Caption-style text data
+++
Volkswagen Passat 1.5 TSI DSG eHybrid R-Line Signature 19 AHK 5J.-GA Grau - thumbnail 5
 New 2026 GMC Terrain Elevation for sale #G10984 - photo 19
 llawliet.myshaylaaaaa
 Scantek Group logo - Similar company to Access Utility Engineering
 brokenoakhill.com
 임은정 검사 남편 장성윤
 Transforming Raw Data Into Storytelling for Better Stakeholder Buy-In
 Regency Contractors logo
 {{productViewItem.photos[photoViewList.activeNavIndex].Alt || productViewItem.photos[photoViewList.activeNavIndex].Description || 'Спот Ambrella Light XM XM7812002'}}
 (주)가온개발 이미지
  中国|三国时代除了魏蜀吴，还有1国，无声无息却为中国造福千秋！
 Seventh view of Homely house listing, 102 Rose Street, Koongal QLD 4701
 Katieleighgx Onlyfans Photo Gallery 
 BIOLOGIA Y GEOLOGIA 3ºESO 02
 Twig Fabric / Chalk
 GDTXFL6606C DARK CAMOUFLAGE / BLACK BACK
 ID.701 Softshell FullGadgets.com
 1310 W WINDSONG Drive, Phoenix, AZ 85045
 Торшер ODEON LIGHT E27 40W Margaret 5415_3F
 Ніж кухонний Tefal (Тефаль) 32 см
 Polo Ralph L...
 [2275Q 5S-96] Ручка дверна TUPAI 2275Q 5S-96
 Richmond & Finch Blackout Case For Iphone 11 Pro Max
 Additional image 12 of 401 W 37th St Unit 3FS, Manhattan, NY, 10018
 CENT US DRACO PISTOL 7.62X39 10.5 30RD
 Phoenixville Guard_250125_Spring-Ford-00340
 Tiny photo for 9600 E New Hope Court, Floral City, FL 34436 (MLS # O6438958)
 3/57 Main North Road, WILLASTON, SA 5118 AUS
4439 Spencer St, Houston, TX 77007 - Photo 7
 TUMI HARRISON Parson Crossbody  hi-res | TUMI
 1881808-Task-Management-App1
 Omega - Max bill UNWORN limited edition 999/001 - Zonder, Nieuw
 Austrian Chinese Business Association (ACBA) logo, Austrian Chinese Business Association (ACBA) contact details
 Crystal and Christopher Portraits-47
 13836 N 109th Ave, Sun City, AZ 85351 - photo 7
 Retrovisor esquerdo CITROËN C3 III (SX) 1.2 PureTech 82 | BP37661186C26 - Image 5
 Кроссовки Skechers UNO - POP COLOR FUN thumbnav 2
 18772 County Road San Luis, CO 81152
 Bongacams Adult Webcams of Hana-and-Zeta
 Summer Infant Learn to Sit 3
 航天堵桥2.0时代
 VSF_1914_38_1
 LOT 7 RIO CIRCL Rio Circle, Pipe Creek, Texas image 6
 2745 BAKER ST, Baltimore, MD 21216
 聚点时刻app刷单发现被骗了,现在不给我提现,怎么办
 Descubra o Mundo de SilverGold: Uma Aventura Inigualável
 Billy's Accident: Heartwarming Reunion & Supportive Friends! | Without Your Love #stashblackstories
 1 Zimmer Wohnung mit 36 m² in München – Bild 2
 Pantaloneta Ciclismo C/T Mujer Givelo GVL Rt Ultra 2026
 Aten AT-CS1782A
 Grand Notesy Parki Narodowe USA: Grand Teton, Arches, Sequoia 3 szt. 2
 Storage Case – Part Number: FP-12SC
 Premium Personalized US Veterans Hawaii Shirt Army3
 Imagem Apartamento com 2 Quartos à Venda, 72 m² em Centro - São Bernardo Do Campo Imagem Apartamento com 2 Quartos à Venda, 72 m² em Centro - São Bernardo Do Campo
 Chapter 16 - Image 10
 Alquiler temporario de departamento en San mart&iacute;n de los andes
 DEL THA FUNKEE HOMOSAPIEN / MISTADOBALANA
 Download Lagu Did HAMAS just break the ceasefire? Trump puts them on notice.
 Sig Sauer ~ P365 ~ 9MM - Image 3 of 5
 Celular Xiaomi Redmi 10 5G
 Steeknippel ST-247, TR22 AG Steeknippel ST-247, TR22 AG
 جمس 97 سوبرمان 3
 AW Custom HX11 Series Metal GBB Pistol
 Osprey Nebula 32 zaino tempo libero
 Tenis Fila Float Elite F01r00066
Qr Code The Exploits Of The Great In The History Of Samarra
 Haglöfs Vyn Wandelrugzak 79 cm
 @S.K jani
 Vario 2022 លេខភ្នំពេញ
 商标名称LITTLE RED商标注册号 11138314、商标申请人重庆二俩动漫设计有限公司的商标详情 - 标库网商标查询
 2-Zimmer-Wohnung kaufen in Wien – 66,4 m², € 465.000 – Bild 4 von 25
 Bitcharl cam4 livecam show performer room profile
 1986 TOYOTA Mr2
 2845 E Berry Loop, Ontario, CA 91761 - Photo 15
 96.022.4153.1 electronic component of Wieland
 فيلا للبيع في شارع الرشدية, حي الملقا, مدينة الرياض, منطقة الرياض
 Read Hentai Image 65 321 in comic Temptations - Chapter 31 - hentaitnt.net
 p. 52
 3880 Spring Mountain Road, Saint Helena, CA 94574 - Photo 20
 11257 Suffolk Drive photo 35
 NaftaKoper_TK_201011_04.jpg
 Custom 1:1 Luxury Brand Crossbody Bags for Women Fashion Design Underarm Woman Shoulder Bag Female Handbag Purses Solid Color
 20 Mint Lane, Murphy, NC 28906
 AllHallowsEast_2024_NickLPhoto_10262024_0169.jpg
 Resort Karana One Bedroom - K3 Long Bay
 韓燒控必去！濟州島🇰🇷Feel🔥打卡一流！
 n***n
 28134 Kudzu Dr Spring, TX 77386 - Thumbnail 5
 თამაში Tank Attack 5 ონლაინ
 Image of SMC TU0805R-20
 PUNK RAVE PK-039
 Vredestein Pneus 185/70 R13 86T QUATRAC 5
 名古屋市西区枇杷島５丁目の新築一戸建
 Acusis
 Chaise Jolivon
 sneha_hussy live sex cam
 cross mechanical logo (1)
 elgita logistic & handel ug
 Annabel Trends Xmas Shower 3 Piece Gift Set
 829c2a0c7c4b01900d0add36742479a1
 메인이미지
+++
# [WHAT IS BEING ASKED]
The span to print begins at the line containing "Read Hentai Image" and ends at the final line of the entries; print it exactly and print nothing else.

# [SOLVED PROBLEM]
 Read Hentai Image 65 321 in comic Temptations - Chapter 31 - hentaitnt.net
 p. 52
 3880 Spring Mountain Road, Saint Helena, CA 94574 - Photo 20
 11257 Suffolk Drive photo 35
 NaftaKoper_TK_201011_04.jpg
 Custom 1:1 Luxury Brand Crossbody Bags for Women Fashion Design Underarm Woman Shoulder Bag Female Handbag Purses Solid Color
 20 Mint Lane, Murphy, NC 28906
 AllHallowsEast_2024_NickLPhoto_10262024_0169.jpg
 Resort Karana One Bedroom - K3 Long Bay
 韓燒控必去！濟州島🇰🇷Feel🔥打卡一流！
 n***n
 28134 Kudzu Dr Spring, TX 77386 - Thumbnail 5
 თამაში Tank Attack 5 ონლაინ
 Image of SMC TU0805R-20
 PUNK RAVE PK-039
 Vredestein Pneus 185/70 R13 86T QUATRAC 5
 名古屋市西区枇杷島５丁目の新築一戸建
 Acusis
 Chaise Jolivon
 sneha_hussy live sex cam
 cross mechanical logo (1)
 elgita logistic & handel ug
 Annabel Trends Xmas Shower 3 Piece Gift Set
 829c2a0c7c4b01900d0add36742479a1
 메인이미지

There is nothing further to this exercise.